• [Records for this task]:
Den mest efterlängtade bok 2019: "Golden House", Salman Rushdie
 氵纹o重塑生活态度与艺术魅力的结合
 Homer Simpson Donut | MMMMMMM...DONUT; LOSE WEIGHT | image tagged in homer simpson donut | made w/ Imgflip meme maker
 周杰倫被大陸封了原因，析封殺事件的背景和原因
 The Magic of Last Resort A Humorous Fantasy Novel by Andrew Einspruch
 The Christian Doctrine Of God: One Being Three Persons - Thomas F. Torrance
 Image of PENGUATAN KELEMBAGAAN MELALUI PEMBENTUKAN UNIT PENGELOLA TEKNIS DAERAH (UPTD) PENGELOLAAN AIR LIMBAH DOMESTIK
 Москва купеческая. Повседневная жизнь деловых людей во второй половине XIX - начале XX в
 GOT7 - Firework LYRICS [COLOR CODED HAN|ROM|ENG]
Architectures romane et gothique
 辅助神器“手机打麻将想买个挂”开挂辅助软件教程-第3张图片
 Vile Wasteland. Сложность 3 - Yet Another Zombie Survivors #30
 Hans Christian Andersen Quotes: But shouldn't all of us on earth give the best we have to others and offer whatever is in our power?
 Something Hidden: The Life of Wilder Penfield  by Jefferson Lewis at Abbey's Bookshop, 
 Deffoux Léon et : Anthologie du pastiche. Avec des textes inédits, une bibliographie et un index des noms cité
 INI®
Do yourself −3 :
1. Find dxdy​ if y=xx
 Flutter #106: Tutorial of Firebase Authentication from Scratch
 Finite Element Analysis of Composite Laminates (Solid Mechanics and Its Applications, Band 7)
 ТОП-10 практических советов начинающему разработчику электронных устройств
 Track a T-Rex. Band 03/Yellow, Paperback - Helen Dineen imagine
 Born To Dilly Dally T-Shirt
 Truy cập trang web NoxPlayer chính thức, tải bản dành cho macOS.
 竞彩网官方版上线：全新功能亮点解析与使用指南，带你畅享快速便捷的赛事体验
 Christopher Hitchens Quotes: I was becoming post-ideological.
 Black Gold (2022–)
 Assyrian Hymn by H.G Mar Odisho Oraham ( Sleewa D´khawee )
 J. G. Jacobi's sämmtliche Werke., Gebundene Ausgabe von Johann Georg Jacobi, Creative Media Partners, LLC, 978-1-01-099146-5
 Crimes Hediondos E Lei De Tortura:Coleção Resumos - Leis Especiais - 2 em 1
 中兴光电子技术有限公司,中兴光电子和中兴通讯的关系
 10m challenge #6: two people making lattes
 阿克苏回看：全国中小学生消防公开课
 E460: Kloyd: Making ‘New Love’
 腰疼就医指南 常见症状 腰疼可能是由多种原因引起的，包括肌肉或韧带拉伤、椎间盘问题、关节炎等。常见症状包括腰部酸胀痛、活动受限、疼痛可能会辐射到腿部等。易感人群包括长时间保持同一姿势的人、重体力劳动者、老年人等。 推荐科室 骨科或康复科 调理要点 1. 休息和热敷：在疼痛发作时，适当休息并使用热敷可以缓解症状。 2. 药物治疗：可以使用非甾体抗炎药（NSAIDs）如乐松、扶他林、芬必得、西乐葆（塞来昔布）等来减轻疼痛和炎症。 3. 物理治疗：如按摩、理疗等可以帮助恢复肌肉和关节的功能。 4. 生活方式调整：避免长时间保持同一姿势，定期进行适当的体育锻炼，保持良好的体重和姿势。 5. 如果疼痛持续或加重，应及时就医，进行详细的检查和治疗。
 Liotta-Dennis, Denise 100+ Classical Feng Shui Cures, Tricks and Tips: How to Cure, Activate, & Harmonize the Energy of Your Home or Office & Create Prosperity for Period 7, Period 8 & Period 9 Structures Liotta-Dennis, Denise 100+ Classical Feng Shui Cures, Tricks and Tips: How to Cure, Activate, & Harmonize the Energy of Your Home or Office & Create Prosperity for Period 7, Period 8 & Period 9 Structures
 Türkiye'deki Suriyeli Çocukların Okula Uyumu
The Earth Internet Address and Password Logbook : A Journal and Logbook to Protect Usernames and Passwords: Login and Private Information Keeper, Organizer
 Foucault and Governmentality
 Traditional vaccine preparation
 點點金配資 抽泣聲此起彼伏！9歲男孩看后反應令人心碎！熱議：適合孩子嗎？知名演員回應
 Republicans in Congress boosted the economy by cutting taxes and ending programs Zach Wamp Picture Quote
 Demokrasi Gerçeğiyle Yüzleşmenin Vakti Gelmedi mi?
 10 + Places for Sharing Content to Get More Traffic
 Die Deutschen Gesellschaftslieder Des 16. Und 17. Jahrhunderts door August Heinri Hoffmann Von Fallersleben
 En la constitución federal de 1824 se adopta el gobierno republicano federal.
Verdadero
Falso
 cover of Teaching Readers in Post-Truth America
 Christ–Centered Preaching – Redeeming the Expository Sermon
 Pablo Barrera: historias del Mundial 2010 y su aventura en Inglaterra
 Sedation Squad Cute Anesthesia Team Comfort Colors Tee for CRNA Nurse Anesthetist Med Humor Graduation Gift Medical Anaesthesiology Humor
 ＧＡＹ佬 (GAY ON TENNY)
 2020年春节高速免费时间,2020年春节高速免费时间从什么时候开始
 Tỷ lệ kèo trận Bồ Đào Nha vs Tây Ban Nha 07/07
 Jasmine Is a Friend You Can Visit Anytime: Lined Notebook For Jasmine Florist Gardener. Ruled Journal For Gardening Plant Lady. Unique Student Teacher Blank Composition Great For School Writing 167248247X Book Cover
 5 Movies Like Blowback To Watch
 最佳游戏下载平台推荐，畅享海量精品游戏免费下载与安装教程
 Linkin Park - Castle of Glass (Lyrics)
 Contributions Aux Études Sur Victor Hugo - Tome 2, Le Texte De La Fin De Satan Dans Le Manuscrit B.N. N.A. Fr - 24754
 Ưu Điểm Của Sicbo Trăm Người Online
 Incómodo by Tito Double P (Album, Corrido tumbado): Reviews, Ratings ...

• [What is being asked]:
Only the lines from the first one of the listing up to and including the line where "Flutter #106: Tutorial" appears are wanted, reproduced exactly.

• [Written answer]:
Den mest efterlängtade bok 2019: "Golden House", Salman Rushdie
 氵纹o重塑生活态度与艺术魅力的结合
 Homer Simpson Donut | MMMMMMM...DONUT; LOSE WEIGHT | image tagged in homer simpson donut | made w/ Imgflip meme maker
 周杰倫被大陸封了原因，析封殺事件的背景和原因
 The Magic of Last Resort A Humorous Fantasy Novel by Andrew Einspruch
 The Christian Doctrine Of God: One Being Three Persons - Thomas F. Torrance
 Image of PENGUATAN KELEMBAGAAN MELALUI PEMBENTUKAN UNIT PENGELOLA TEKNIS DAERAH (UPTD) PENGELOLAAN AIR LIMBAH DOMESTIK
 Москва купеческая. Повседневная жизнь деловых людей во второй половине XIX - начале XX в
 GOT7 - Firework LYRICS [COLOR CODED HAN|ROM|ENG]
Architectures romane et gothique
 辅助神器“手机打麻将想买个挂”开挂辅助软件教程-第3张图片
 Vile Wasteland. Сложность 3 - Yet Another Zombie Survivors #30
 Hans Christian Andersen Quotes: But shouldn't all of us on earth give the best we have to others and offer whatever is in our power?
 Something Hidden: The Life of Wilder Penfield  by Jefferson Lewis at Abbey's Bookshop, 
 Deffoux Léon et : Anthologie du pastiche. Avec des textes inédits, une bibliographie et un index des noms cité
 INI®
Do yourself −3 :
1. Find dxdy​ if y=xx
 Flutter #106: Tutorial of Firebase Authentication from Scratch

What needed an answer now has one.